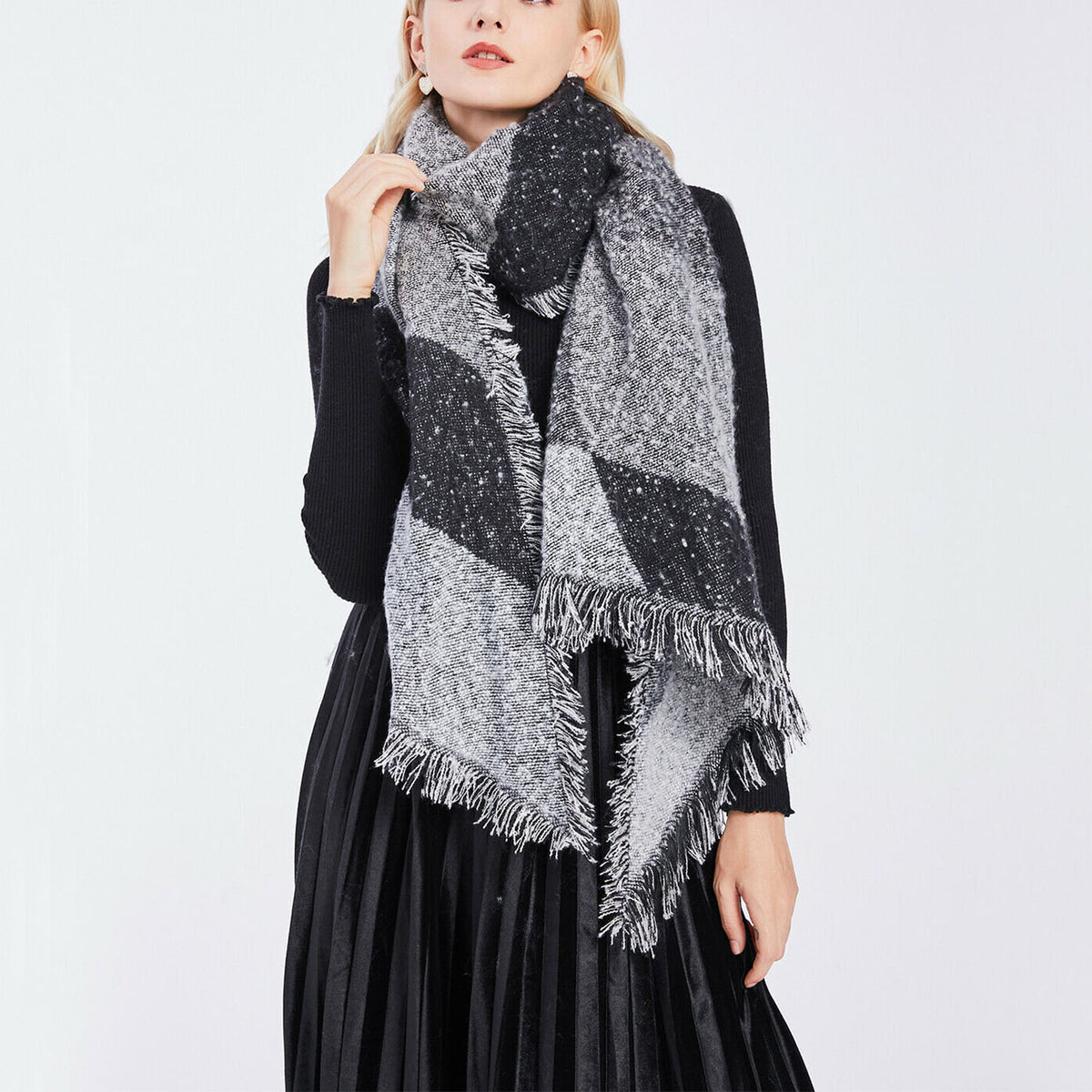 1Pc Women Winter Warm Scarf 74.8x25.6In Long Soft Knitted Shawl Extra Thick Plaid Blanket Wrap Cape - view 2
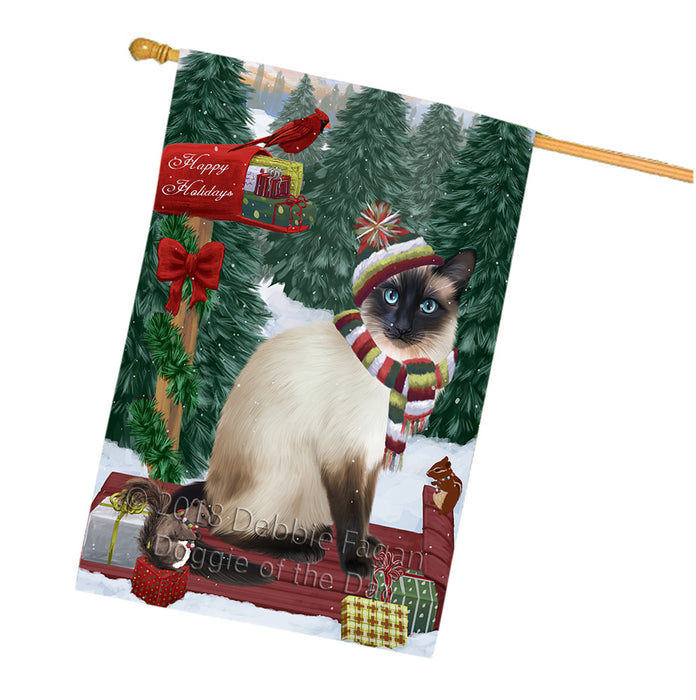 Merry Christmas Woodland Sled Siamese Cat House Flag FLG55471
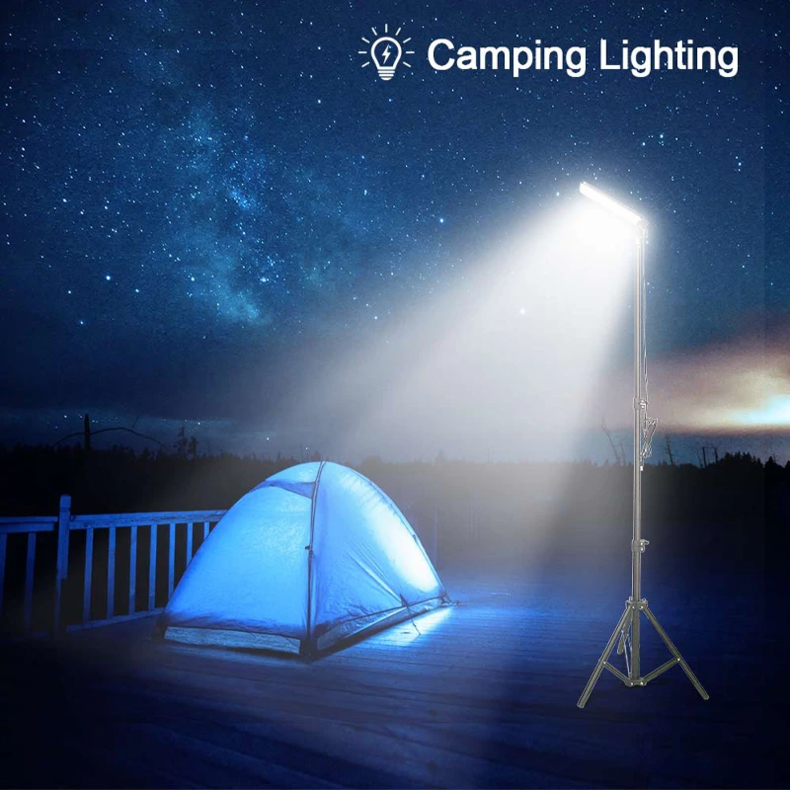 Adjustable LED Camping Light Tripod USB Rechargeable Outdoor Lighting Solution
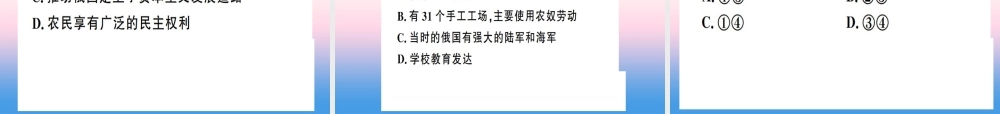 九年级历史下册 第一单元 殖民地人民的反抗与资本主义制度的扩展 第2课 俄国的改革习题课件 新人教版 课件
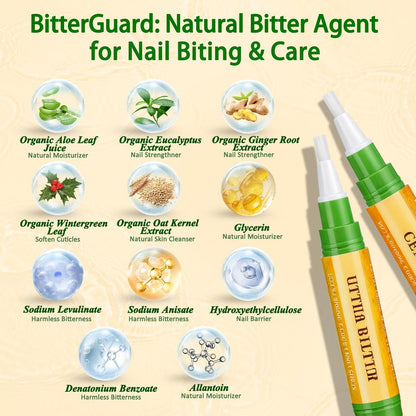 Econail 3-in-1 Nail Biting Prevention Kit for Kids & Adults - Extra Strength Bitter Polish + Gentle Bitter Polish + Cuticle Oil, Fast Drying Formula Stops Nail Biting & Thumb Sucking (0.3 Fl Oz, Pack of 1)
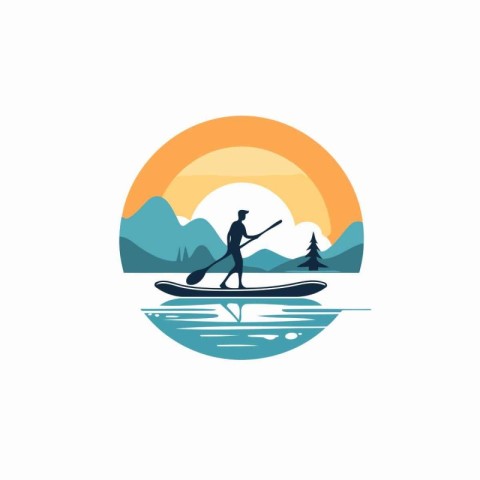 Kayaking vector logo template. Canoeing and paddling icon.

__REQUIREMENT__.
Skip the pictures and write out exactly the lines from the line containing "九年级历史下册 第一单元 殖民地人民的反抗与资本主义制度的扩展" through the end of the listing above.

__FINAL ANSWER__.
 九年级历史下册 第一单元 殖民地人民的反抗与资本主义制度的扩展 第2课 俄国的改革习题课件 新人教版 课件
 Econail 3-in-1 Nail Biting Prevention Kit for Kids & Adults - Extra Strength Bitter Polish + Gentle Bitter Polish + Cuticle Oil, Fast Drying Formula Stops Nail Biting & Thumb Sucking (0.3 Fl Oz, Pack of 1)
 Kayaking vector logo template. Canoeing and paddling icon.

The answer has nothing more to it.